---------- RECORDED INFORMATION ----------

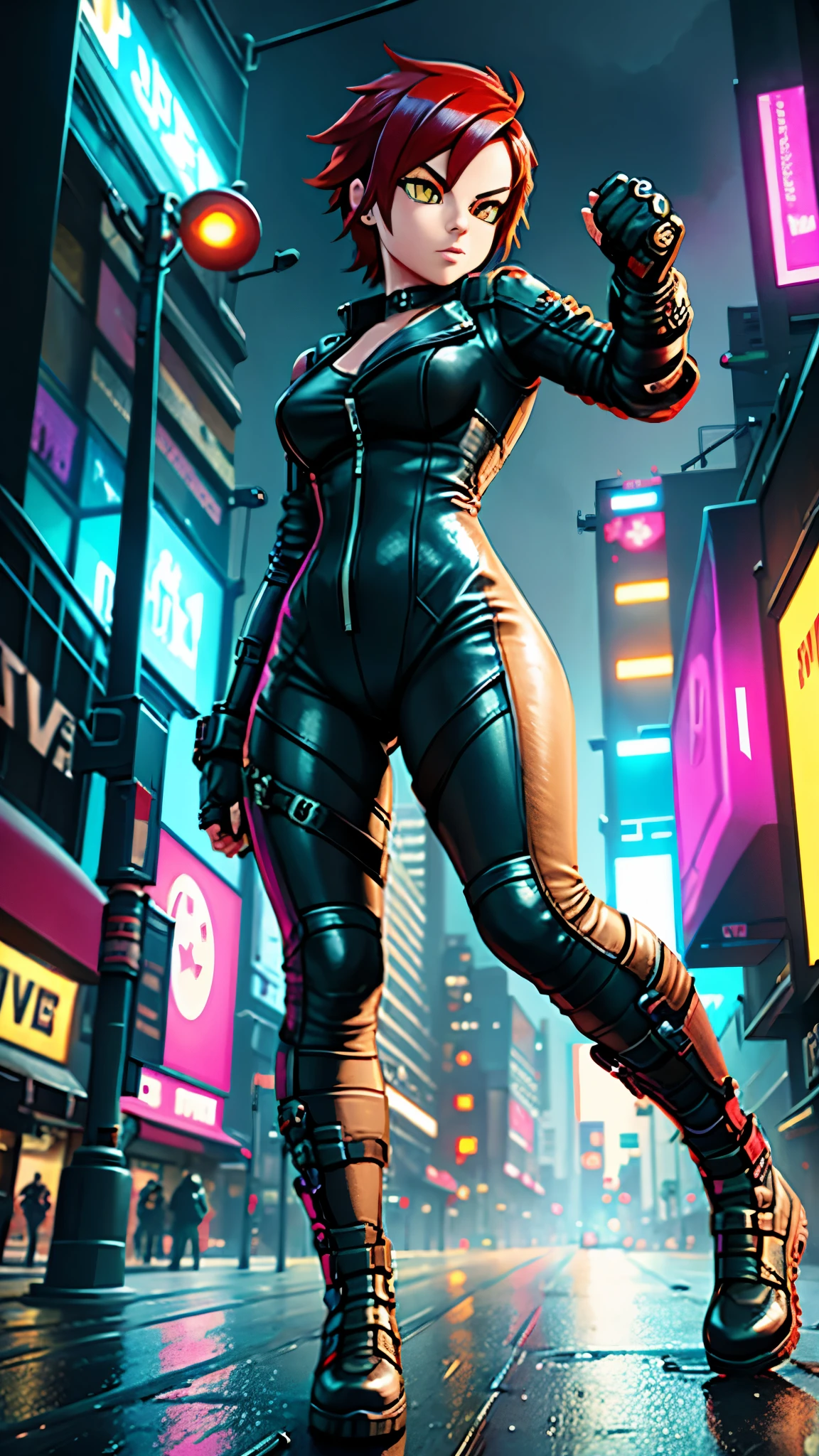 A sleekly designed (((supervillain lady))) with electrifying powers and a costume inspired by lightning, featuring brunette cropped hair and a sultry smile with striking blue glossy lips, piercing blue eyes, exuding an air of feminine menace and playful malice, (((destructively dominating a city))), with defeated heroes scattered about, suggesting a palpable sense of villainous triumph, her form poised elegantly against the backdrop of a futuristic metropolis, conveyed in crisp, clean lines.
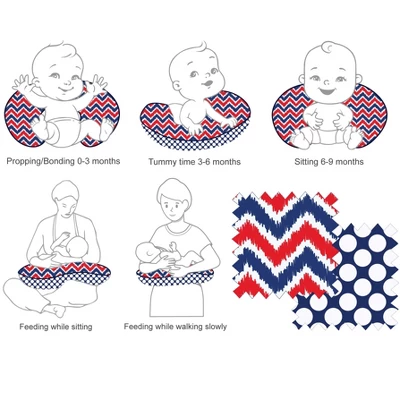 Bacati - 3 Pc Chevron/Dots Nany Red Hugster Feeding & Infant Support Nursing PillowMixNMatch Navy/Red Nursing Pillow 6 Bacati - 3 Pc Chevron/Dots Nany Red Hugster Feeding & Infant Support Nursing PillowMixNMatch Navy/Red Nursing Pillow - Image 4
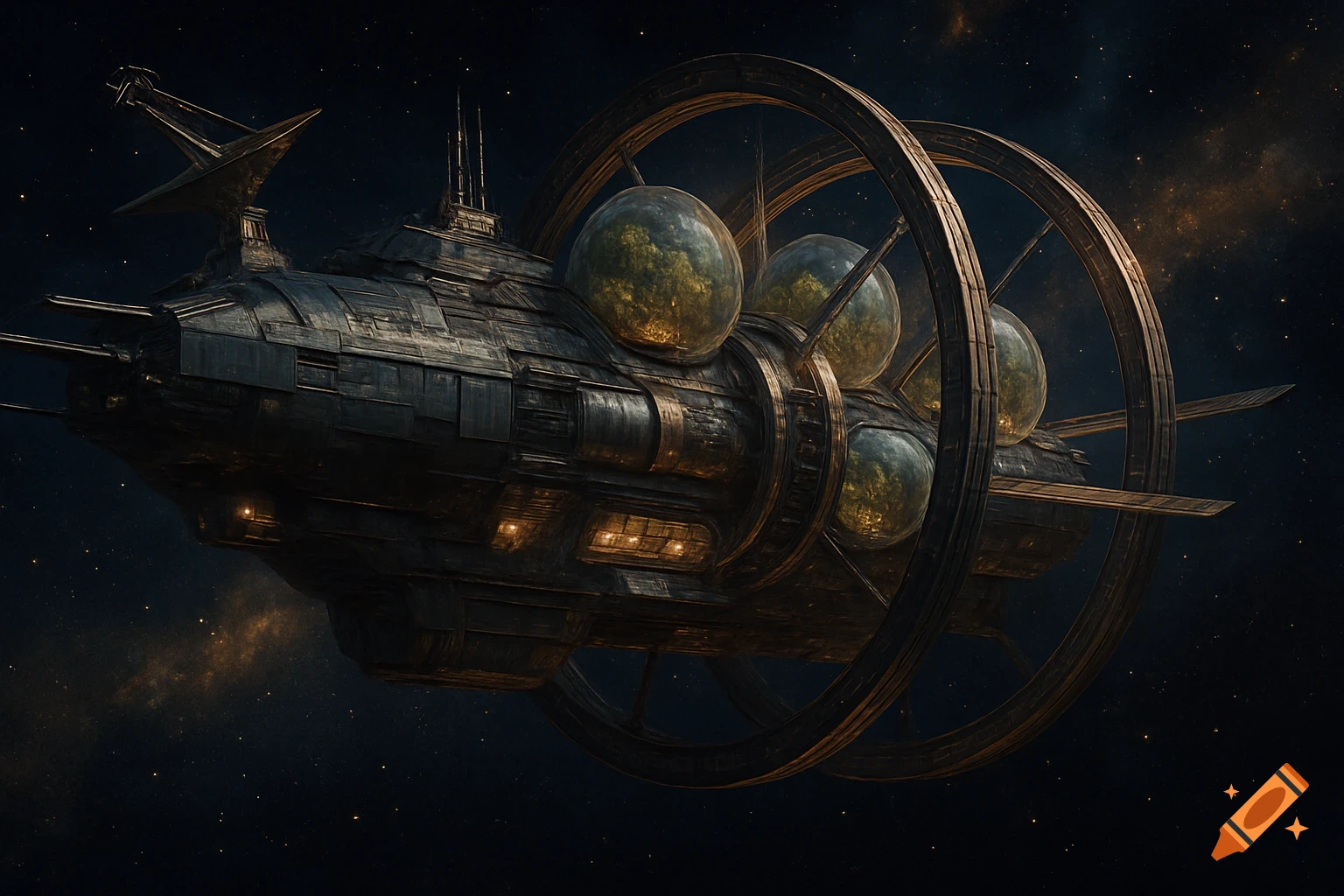 A detailed futuristic spaceship with large rings and multiple glowing biospheres, flying through dark space.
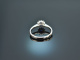 Fine blue! Classic sapphire diamond ring white gold 750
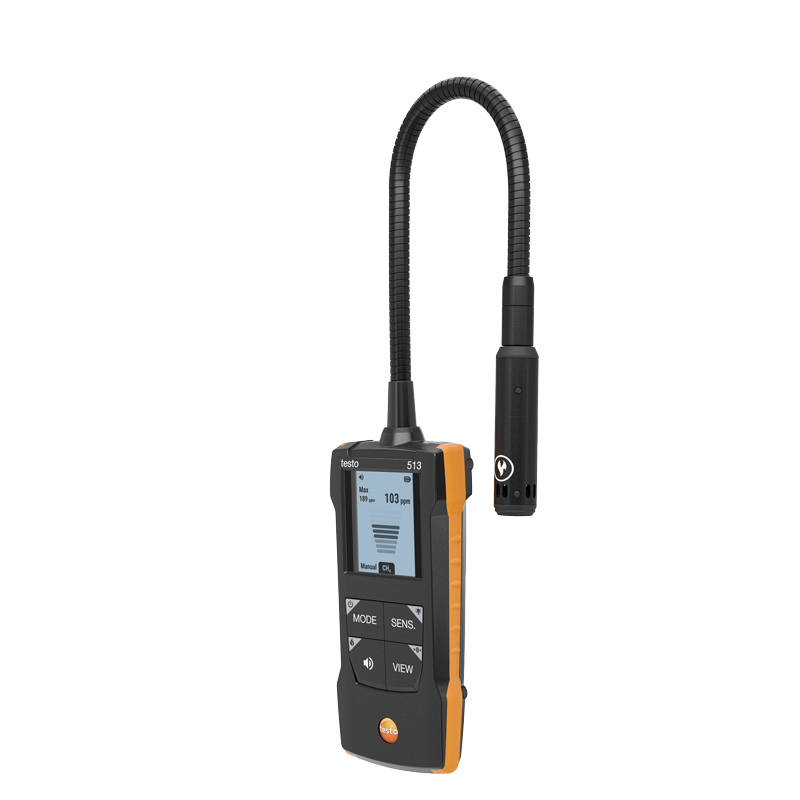 testo 513 gas leak detector, left-side view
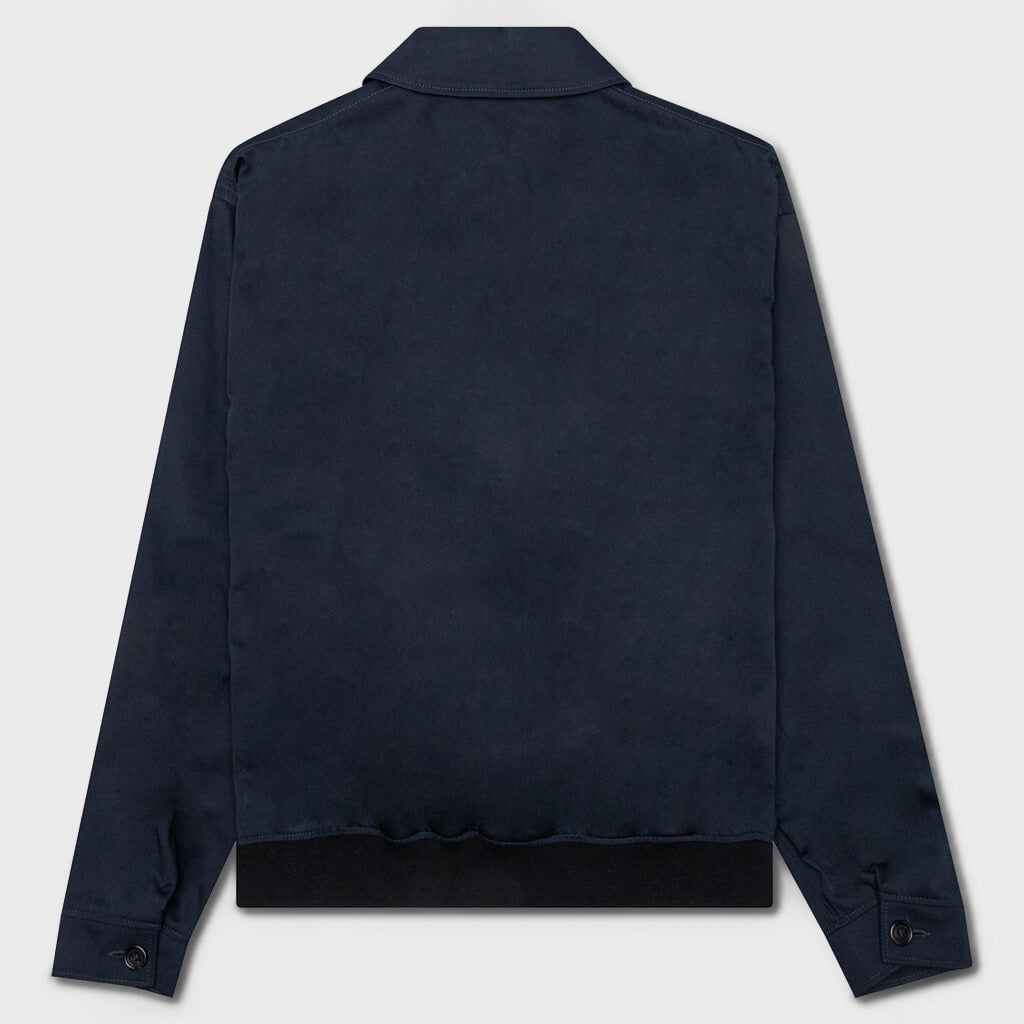 Cotton Gabardine Bomber Jacket - Blue/Black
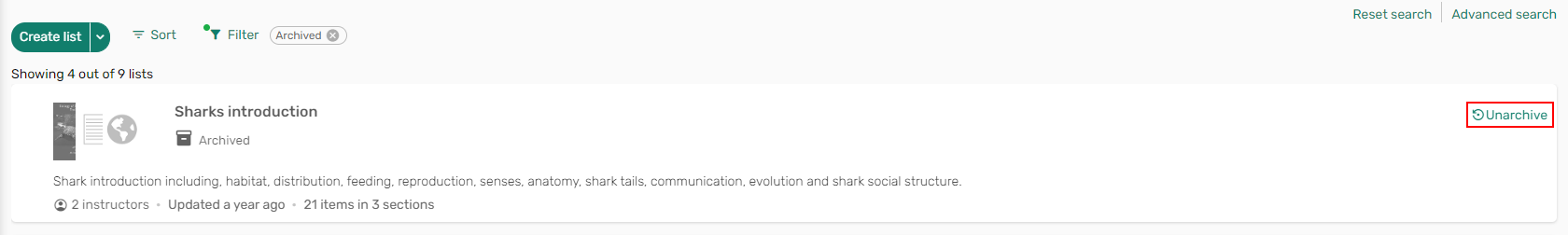 Archived lists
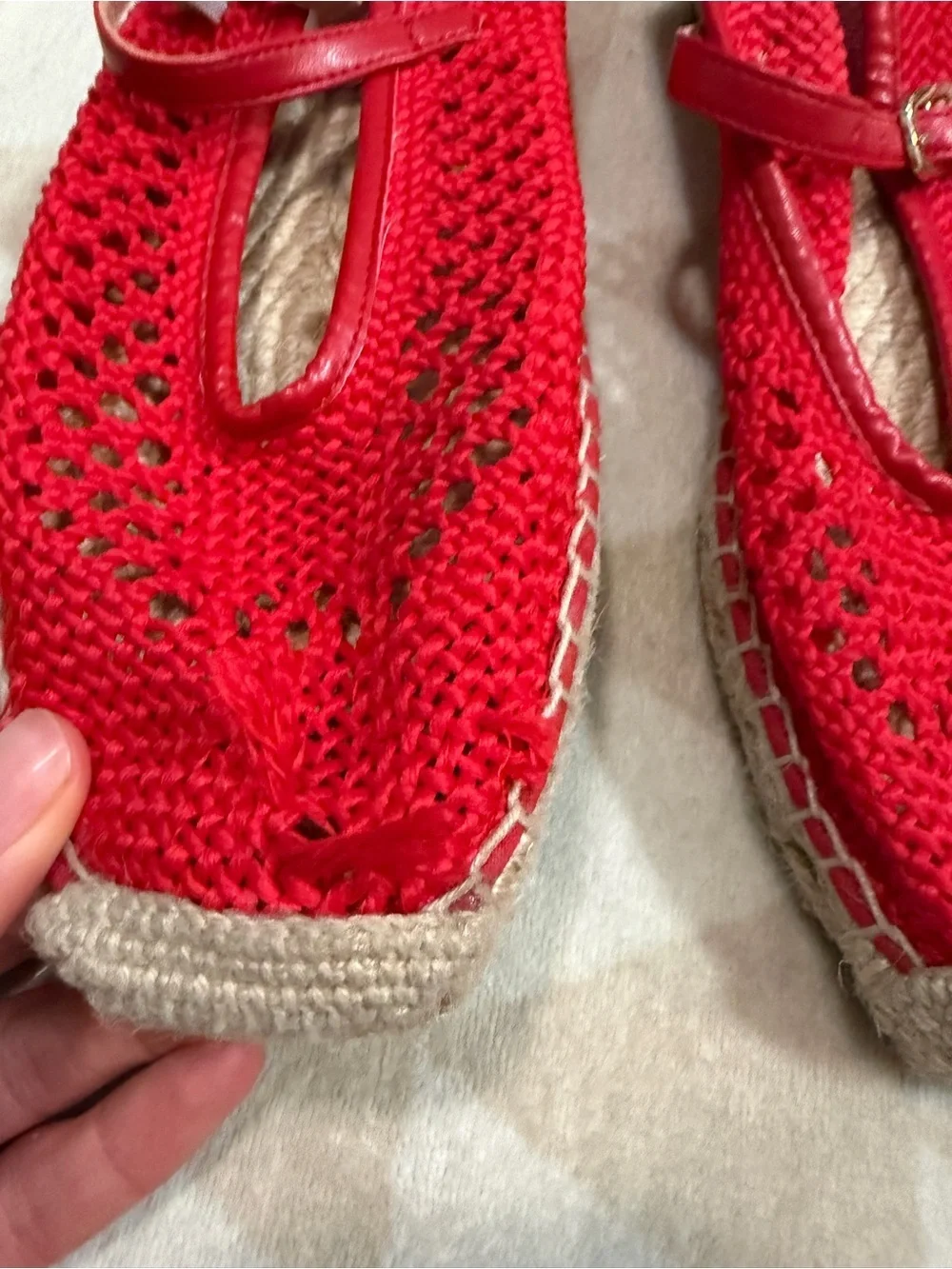 J crew Made-in-Spain Sophie Mary Jane espadrilles with crochet passion rouge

----------

▸ **ACTIVITY**:
Nothing but the lines from the line with "Fine blue! Classic" through the last line of the listing above should be repeated, and pictures should be left out.

▸ **EXPECTED ANSWER**:
 Fine blue! Classic sapphire diamond ring white gold 750
 testo 513 gas leak detector, left-side view
 Cotton Gabardine Bomber Jacket - Blue/Black
 Archived lists
 J crew Made-in-Spain Sophie Mary Jane espadrilles with crochet passion rouge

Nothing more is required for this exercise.